Voilà donc comment lepost.fr a fait pour atteindre la rentabilité, il a mis au boulot tout un tas de citoyens (blogueurs compris) comme si la visibilité offerte était une contre-partie suffisante. Tout comme facebook, lepost.fr se nourrit des contributions des internautes et tentent de s'imposer comme le média des médias individuels. Là où le bas blesse c'est que les contributeurs n'ont aucun moyen de récupérer la totalité des données produites pour les déménager. On ne peut pas non plus supprimer son compte dans les options de gestion. Le simple droit à l'information produite est bafoué. Tout comme facebook, la stratégie de lepost.fr est d'enfermer l'internaute contributeur dans son système et le dépossèder de ses contributions.
L'internaute contributeur participe au succès de lepost.fr mais n'a aucun droit sur la politique de l'entreprise. En effet, lepost.fr n'est pas une fondation comme agoravox et n'implique pas les contributeurs dans ses choix stratégiques, ceux ci répondant uniquement à une logique économique. Il ne peut donc pas défendre ses intérêts de contributeurs. Et si le contributeur de lepost.fr tentait de faire prendre conscience à sa communauté de la supercherie du média, lepost.fr ne le censurerait-il pas ? C'est une question que je pose sans présumer de la réponse mais il faut admettre que la liberté de ton des contributeurs se posent lorsqu'on écrit dans un média sur lequel on a aucun droit. Quitter son blog pour se consacrer à lepost.fr serait une grave erreur. Qu'est-ce qui vous garantit que vous ne serez jamais censuré sur lepost.fr ? Au moins, sur votre blog vous avez le contrôle de vos données, de votre ligne éditoriale et de son évolution technique. Le danger est que les blogueurs de talents se laissent séduire et arrête d'alimenter leur blog... Que ce passera-t-il le jour où leur publication entrera en un conflit d'intérêt avec lepost.fr ? Je crois qu'ils regretteront amèrement de ne plus posséder d'espace médiatique...
Le blogueur libre et indépendant a une mission d'alerte, de surveillance du pouvoir. Il est une plume citoyenne et son existence est vitale à la bonne santé démocratique. La liberté d'expression est fondatrice du régime démocratique et nous avons le devoir de l'utiliser. Ne la laissons pas prendre à nouveau la poussière comme ont pu le faire les journalistes des médias traditionnels qui ont perdu toute crédibilité aux yeux des citoyens. Ne préparons pas la prochaine crise des médias !
Bon, ceci étant, lepost.fr n'est qu'un exemple, je n'ai rien contre ce média mais son modèle de développement m' hérisse le poil. Cela me fait penser aux champs de grands propriétaires terriens dans lesquels travaillent des tas d'ouvriers payés quelques cacahuètes par jour.

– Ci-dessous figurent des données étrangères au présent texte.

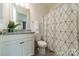 Clean bathroom featuring a shower with a modern curtain, vanity, and tiled floor at 2164 Hanging Rock Rd, Fort Mill, SC 29715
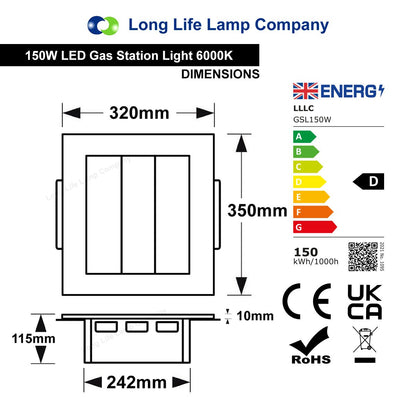 LED canopy light 150W 6000K IP67 waterproof outdoor lighting fixture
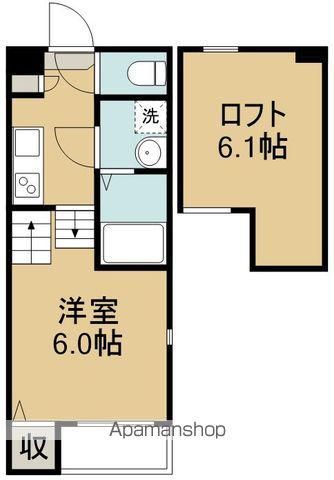 ホロニナテラス(1K/2階)の間取り写真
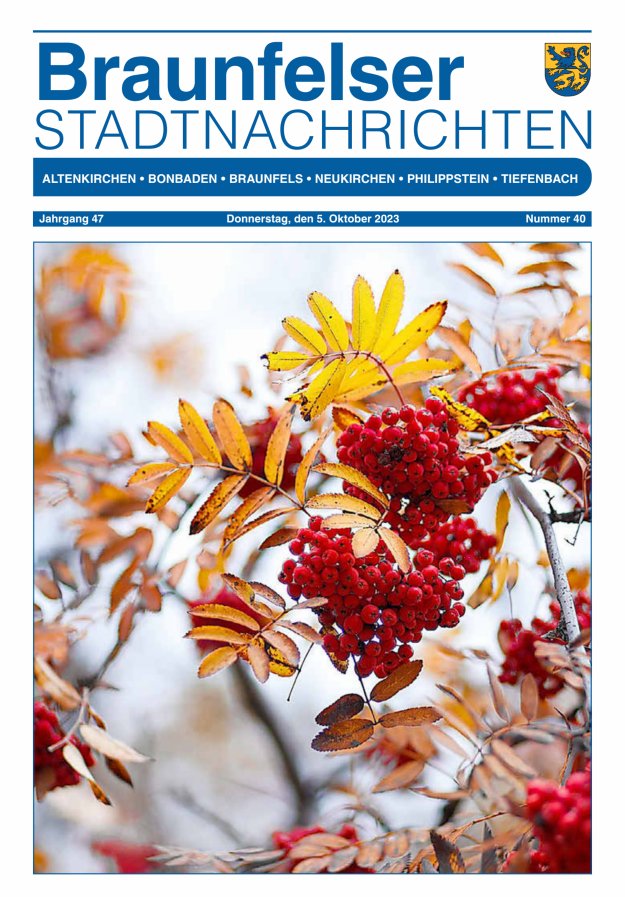 Braunfelser Stadtnachrichten Titelblatt 40/2023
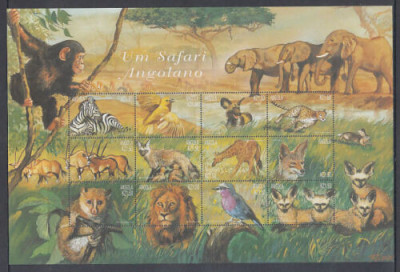 Angola 2000-Animale africane-leu-zebra-tigru-elefant-Bloc cu 12 timbre MNh foto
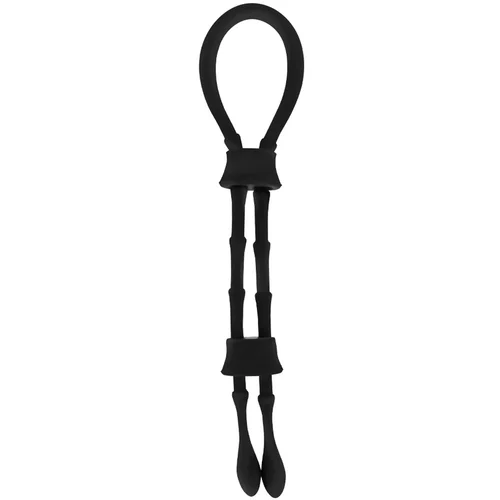 Ohmama Silicone Cord-Cock and Testicles Ring Black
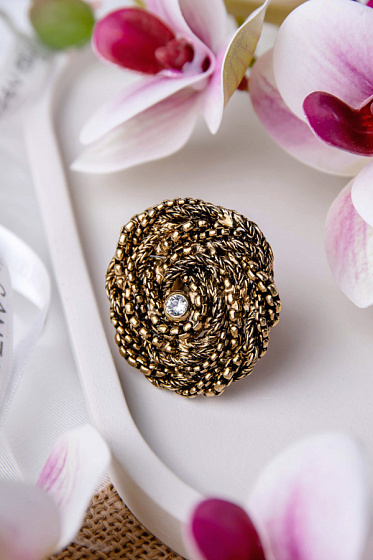 картинка Кольцо Цепи (кристалл прозрачные, 3.9х3.5 см. регулируется) Италия  Claudio Canzian 002 01 594 ювелирный  магазин Калина являющийся официальным дистрибьютором в России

Non chers amis, rien ne vaut un bon logiciel libre de blogging comme dotclear ou wordpress installé sur un serveur que vous contrôlé avec une base de donnée qui vous appartient et une ligne éditoriale qui ne dépend que de vous.
Et tant pis si votre audience est plus faible. Au moins, vous aurez le sentiment de liberté et d'indépendance. Et ça, ça n'a pas de prix.